Exercise directions> Omit all pictures, then retype exactly the lines from the one that contains "Man wearing a" through the end of the listing.

Entries supplied>
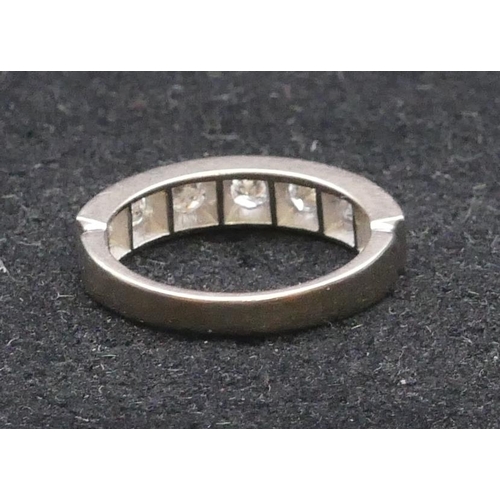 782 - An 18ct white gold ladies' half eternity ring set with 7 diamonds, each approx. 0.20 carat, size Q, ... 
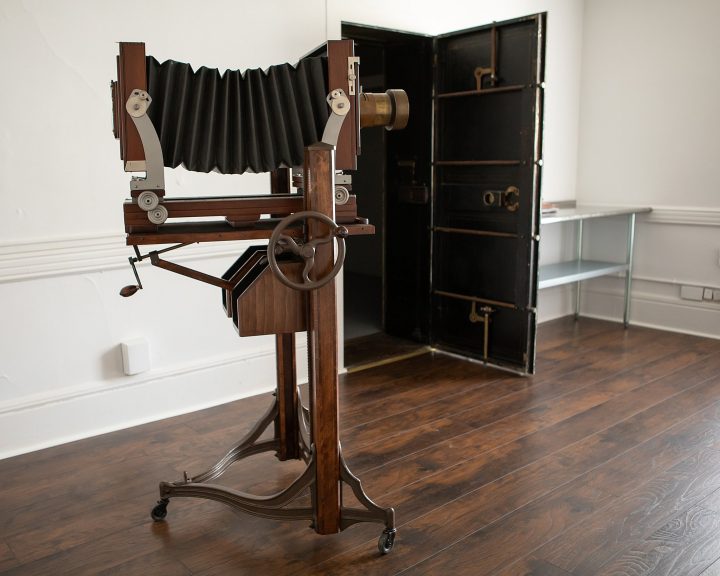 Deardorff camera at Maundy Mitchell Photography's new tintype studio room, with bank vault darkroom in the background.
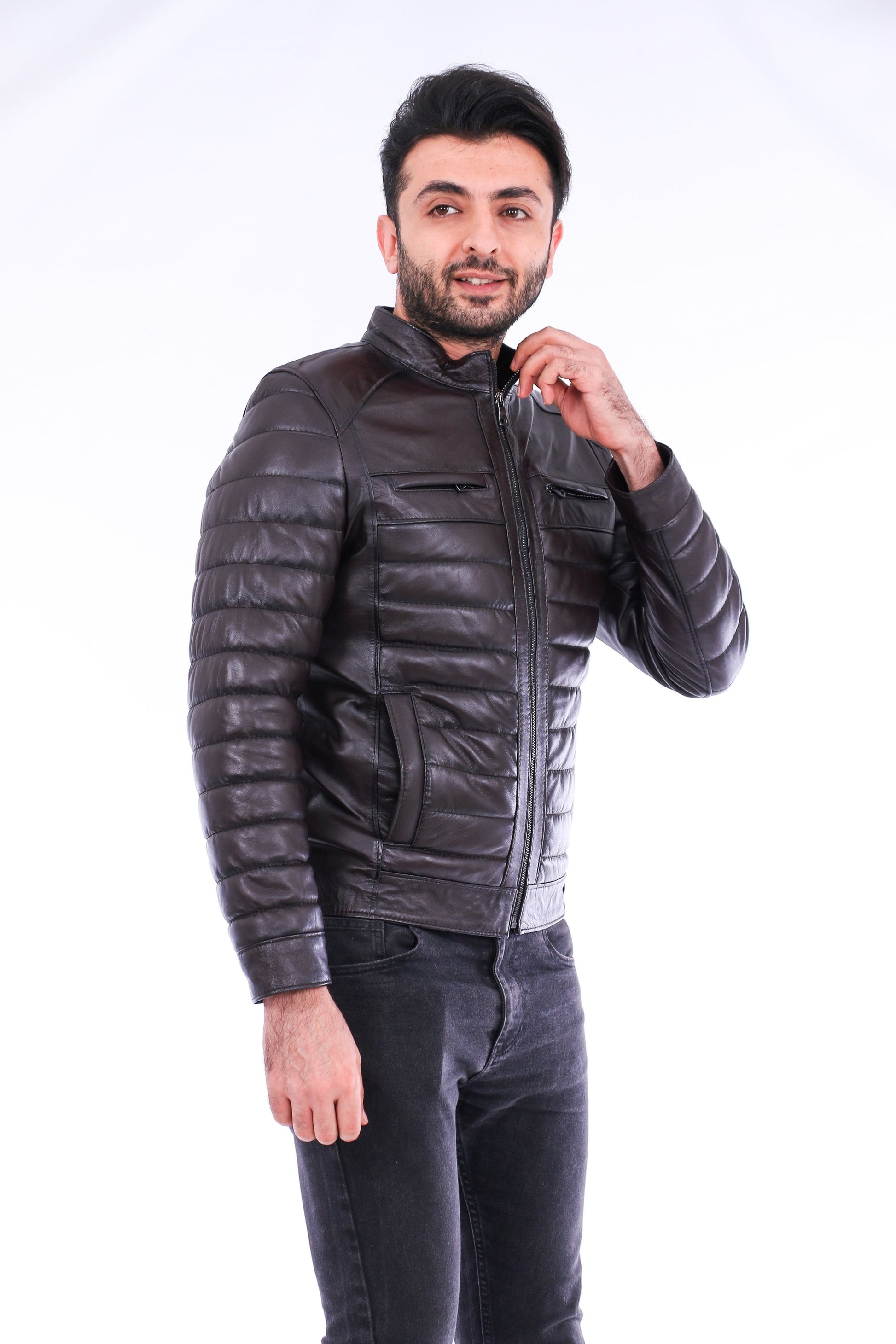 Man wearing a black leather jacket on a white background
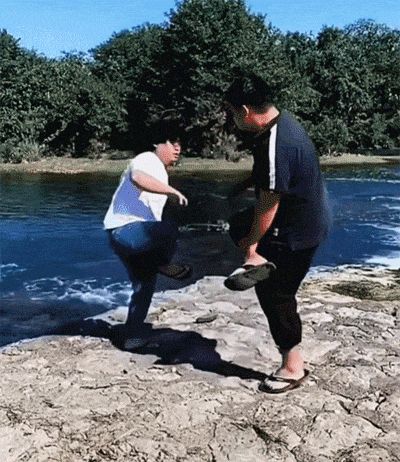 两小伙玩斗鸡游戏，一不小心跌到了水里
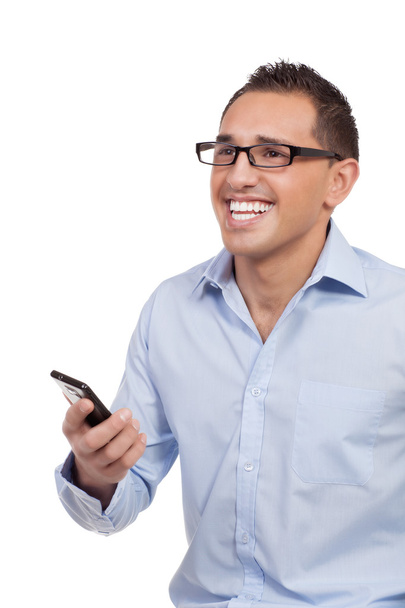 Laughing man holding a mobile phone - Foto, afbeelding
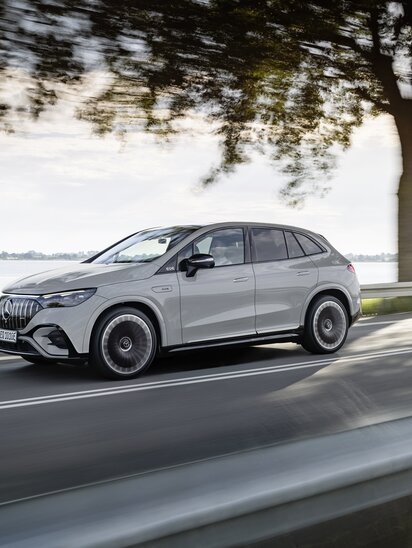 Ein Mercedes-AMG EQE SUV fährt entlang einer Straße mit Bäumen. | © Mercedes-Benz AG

Solution for this exercise>
 Man wearing a black leather jacket on a white background
 两小伙玩斗鸡游戏，一不小心跌到了水里
 Laughing man holding a mobile phone - Foto, afbeelding
 Ein Mercedes-AMG EQE SUV fährt entlang einer Straße mit Bäumen. | © Mercedes-Benz AG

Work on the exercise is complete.